Pump.fun adds creator-fee sharing as Solana memecoin launches near 30,000/day
Pump.fun changed its creator-fee model after Dynamic Fees V1 encouraged large numbers of low‑risk token deployments rather than trading activity. The Solana memecoin launch platform saw nearly 30,000 token launches in a single day, a sharp rise that exposed misaligned incentives. The update lets creators split fees across up to 10 wallets, transfer token ownership, revoke update authority post‑launch, and set fee rates after deployment to formalize revenue sharing. Pump.fun said future iterations will allow trader input on which token narratives qualify for creator fees, shifting reward power toward investors and active traders who provide liquidity. Co‑founder Alon Cohen signaled additional adjustments are planned to rebalance creator earnings with market‑oriented incentives and promote longer‑term sustainability as activity increases into 2026. For traders, the changes aim to prioritize liquidity and trading engagement over quick deploys, which could increase on‑chain volume for tokens that attract real trading interest.
Neutral
The update is unlikely to have a directly bullish or bearish effect on SOL price itself; it primarily changes how revenue and incentives are distributed on a memecoin launch platform running on Solana.
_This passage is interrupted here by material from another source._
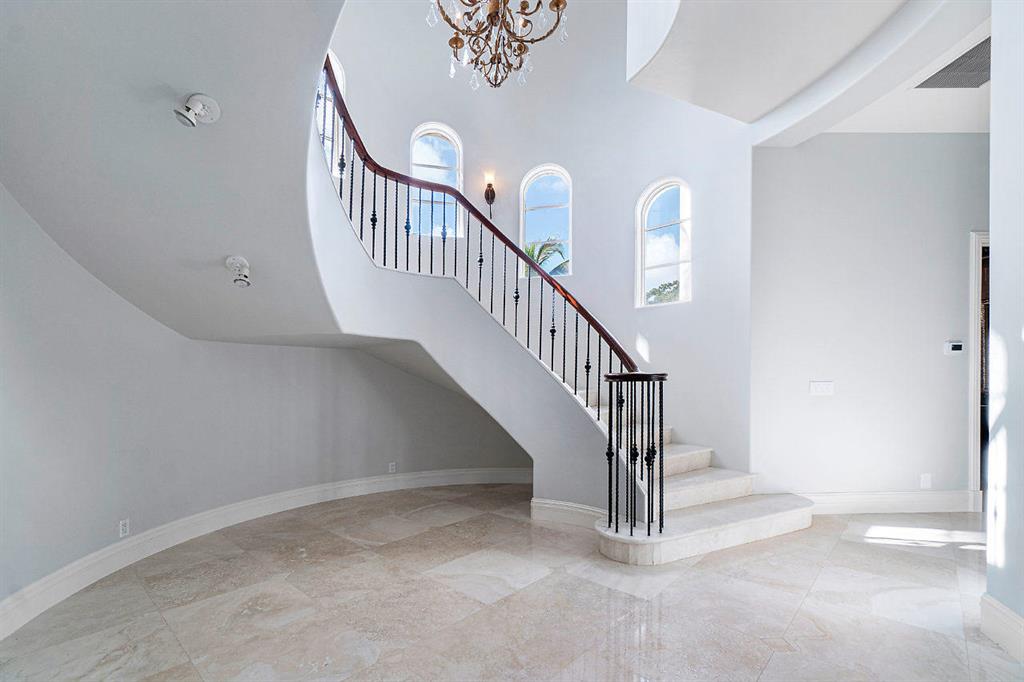 BEACH SHORES - Residential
In the short term, the announcement may increase trading activity for newly launched memecoins that implement fee-sharing structures, benefiting tokens that attract real liquidity and engagement. Conversely, projects that relied on quick deploys for attention may see reduced issuance or lower developer yields, which could temper speculative minting. Over the medium to long term, aligning creator fees with liquidity provision and trader voting can encourage higher‑quality launches and more sustained on‑chain volume. That could improve market health for Solana‑based tokens broadly, but it does not directly translate into a clear price move for SOL itself, hence a neutral classification.